For the longest time, in the back of my head replayed the old tape, “You’re losing your babies because you’re not WORTHY enough. You’re not GOOD enough. You’re not COMPETENT enough. And you certainly aren’t LIKEABLE enough.”
Pretty horrible and destroying, huh?
What if I told you the voice was my mother’s?
It had already, to that point, taken quite some time with various therapists and techniques and well-earned DINK* dollars to get me to a point where I felt I could pass the day as a bona fide adult with anything to contribute to the world. To wash off the seemingly endless layers of external conditioning that had brought me to the point of needing – not wanting – to deconstruct my upbringing.
Imagine how interesting the game got when I then began to lose children. Harder still, when I have been faced with not one or two, but four family estrangements.
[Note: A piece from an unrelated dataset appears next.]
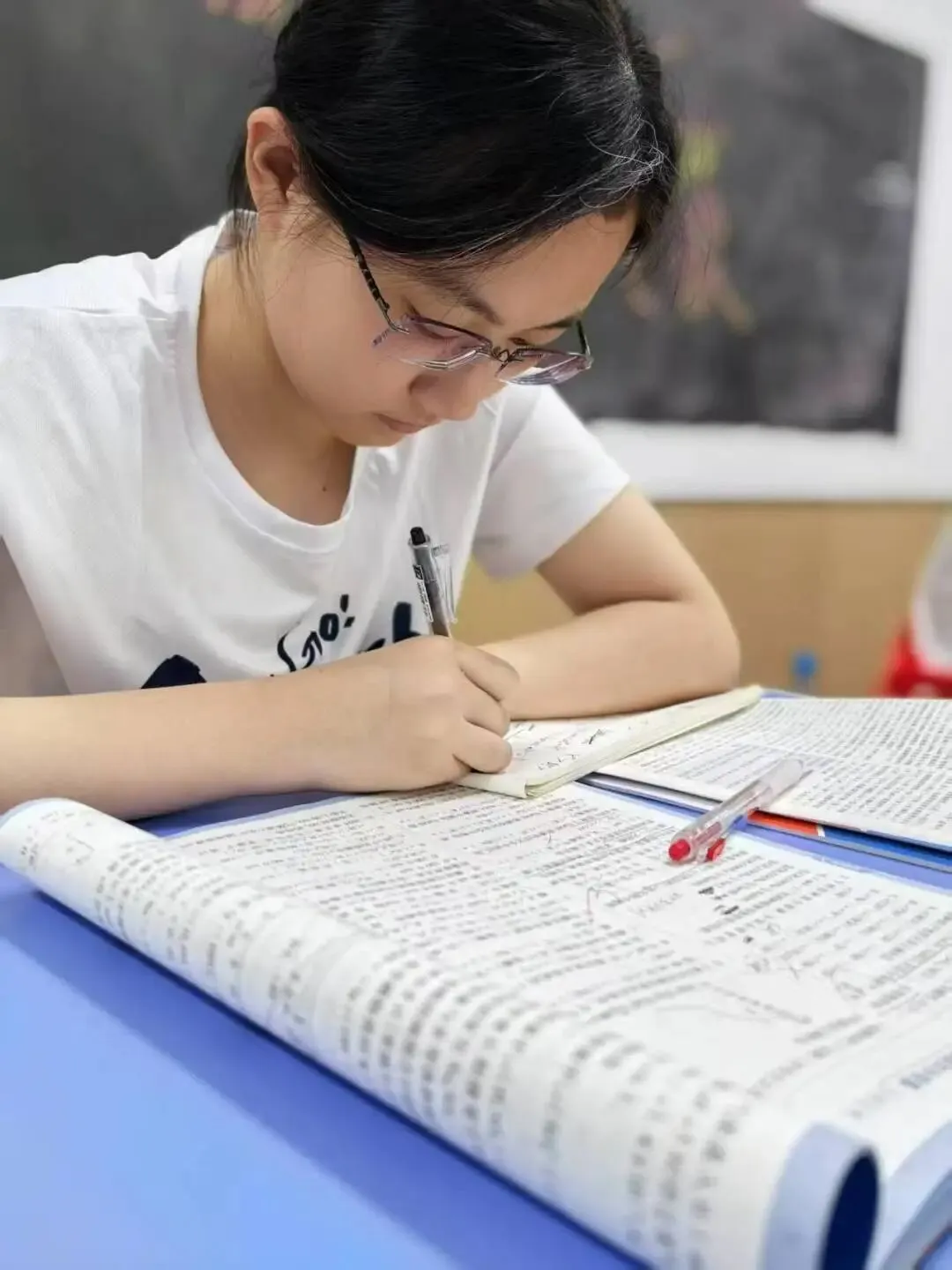 中考冲刺季:这份暑假规划,决定孩子高中三年起点! 第6张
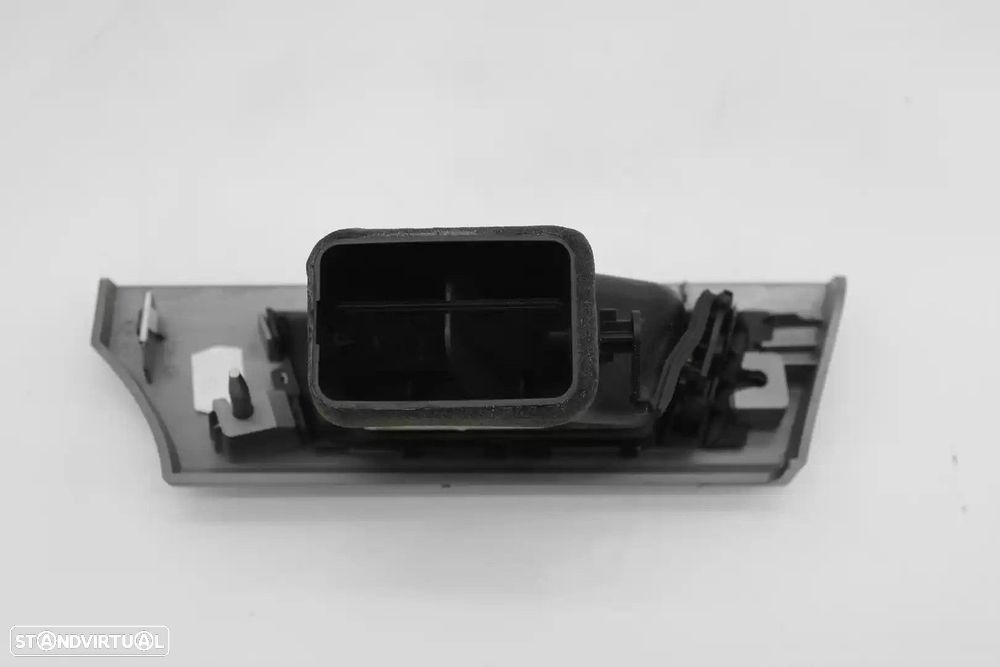 GRELHA VENTILADORA BMW 3 2007 -528506/10 - 2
Not to mention those that have gone in generations before me.
It’s taken everything I have in me to remain on an even keel with “knowing thyself”, not giving in to the darkness. Not allowing that voice (for by now it was not outside of myself but internalised and sounded like me and what I was saying to myself) to rise up and be brought into the light. To be given love. Because it was as simple as that, as it turns out. Infusing everything I did with love and understanding.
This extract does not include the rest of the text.